Companies that have both independent contractors and employees doing similar types of work should be able to clearly articulate the different means of control it has over the two groups, advises Russell Hollrah, an attorney in the Washington, DC, office of Littler Mendelson. The differences should also be readily identifiable to employees and independent contractors.
The common law factors include:
1. Instructions. Instructing a worker on when, where, and how to perform work is evidence of control and indicative of employee status.
2. Training. The more training a worker receives through a client company, the more likely the worker may be seen as an employee.
3. Integration. As a worker’s services become more highly integrated or essential to the business operations of a client company, he is more likely to be considered an employee.
4. Services rendered personally. If a worker personally performs services, he may be considered an employee.
5. Hiring, supervising, and paying assistants. If a client company hires, supervises, and trains the worker’s assistants, or if a worker hires, supervises, and trains employees at the behest of a client company, the worker himself may be considered an employee.

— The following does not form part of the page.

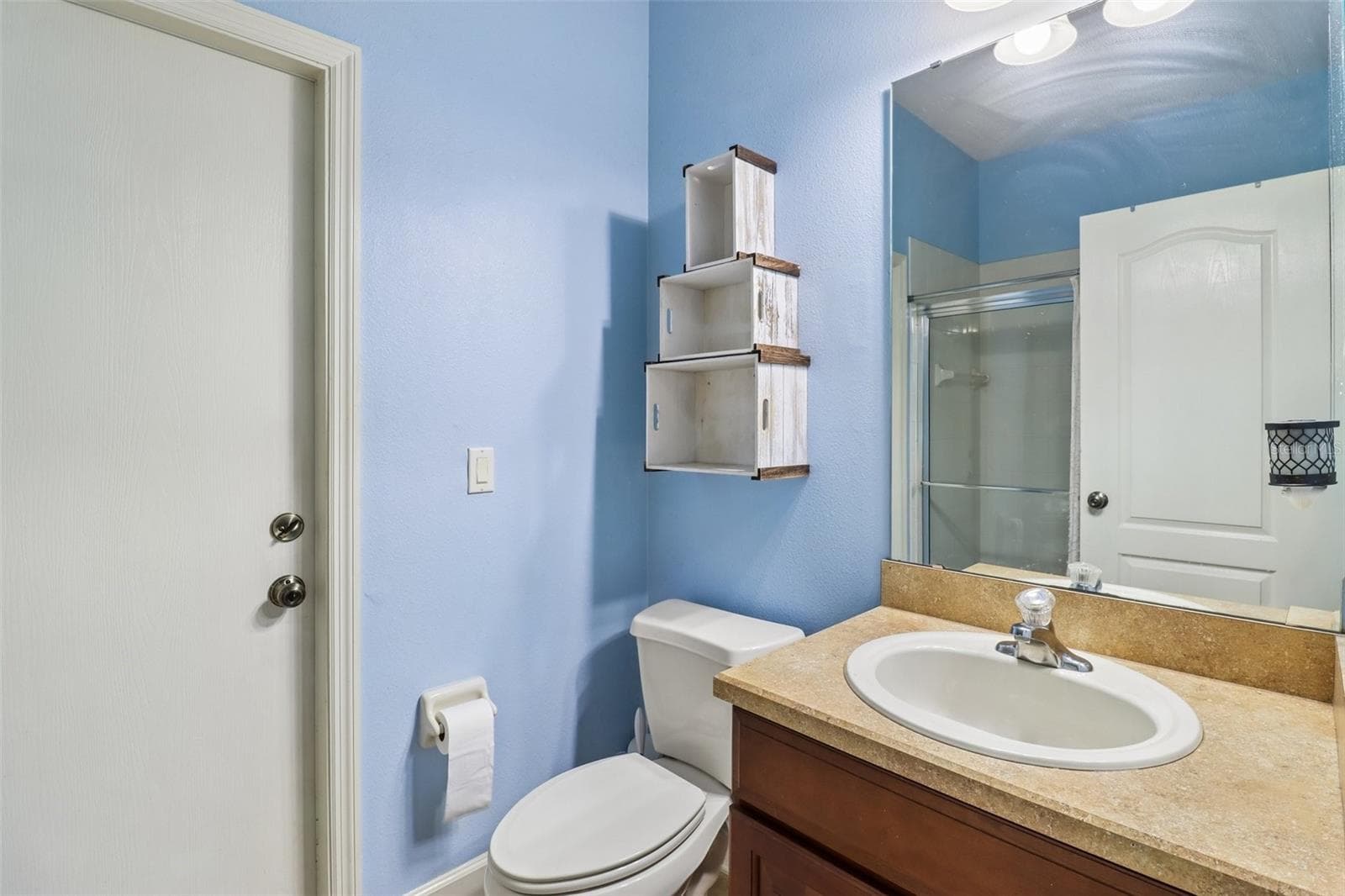 Second full bath has en-suite bedroom and pool access. - 2947 CEDAR CREST DR, APOPKA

6. Continuing relationship. Ongoing relationships between a worker and a client company may constitute an employment rather than contractor relationship. The regularity and duration of the relationship are also factors.
7. Set hours of work. If a worker must perform services during specified hours, he may be considered an employee.
8. Full-time work. A worker may be considered an employee if he must devote his full time to an engagement. The amount of work considered full-time varies with the nature of the occupation the worker is involved in and local custom.
9. Doing work on employer’s premises. If a worker uses an client company’s premises and office equipment to perform services, then he may be considered an employee, especially if the work could be performed equally well elsewhere.
10. Order or sequence set. If a worker must perform tasks in a specified way and follow proscribed routines and schedules, he may be considered an employee.
11. Oral or written reports. If a client company requires a worker to submit regular status reports, the worker may be considered an employee.
12. Payment by hour, week, or month. An employer-employee relationship may exist when a client pays a worker at regular intervals.
13. Payment for business and traveling expenses. Reimbursing a worker for his traveling or business expenses suggests an employee relationship.
14. Furnishing tools and materials. If a client company furnishes a worker with tools and materials needed to complete an engagement, then it may be considered the worker’s employer.
15. Significant investment. The less a worker has invested in the facilities or equipment that he uses to perform his services, the stronger the evidence that he is an employee.
16. Realization of profit or loss. A worker who earns income from a client company at a fixed rate, and without risk of loss, is more likely to be considered an employee.
17. Working for more than one firm at a time. If a worker performs services for only one client company at a time, he may be considered an employee.
18. Making services available to the general public. A worker who does not offer his services to the general public may show evidence that he is an employee.
19. Right to discharge. A worker who can be discharged at any time for any reason — as opposed to when he breaches the terms of a contract — may be considered an employee.
20. Right to terminate. A worker who can terminate an engagement at any time for any reason — rather than at the completion of the engagement or upon breach of a contract term by the client — may be considered an employee.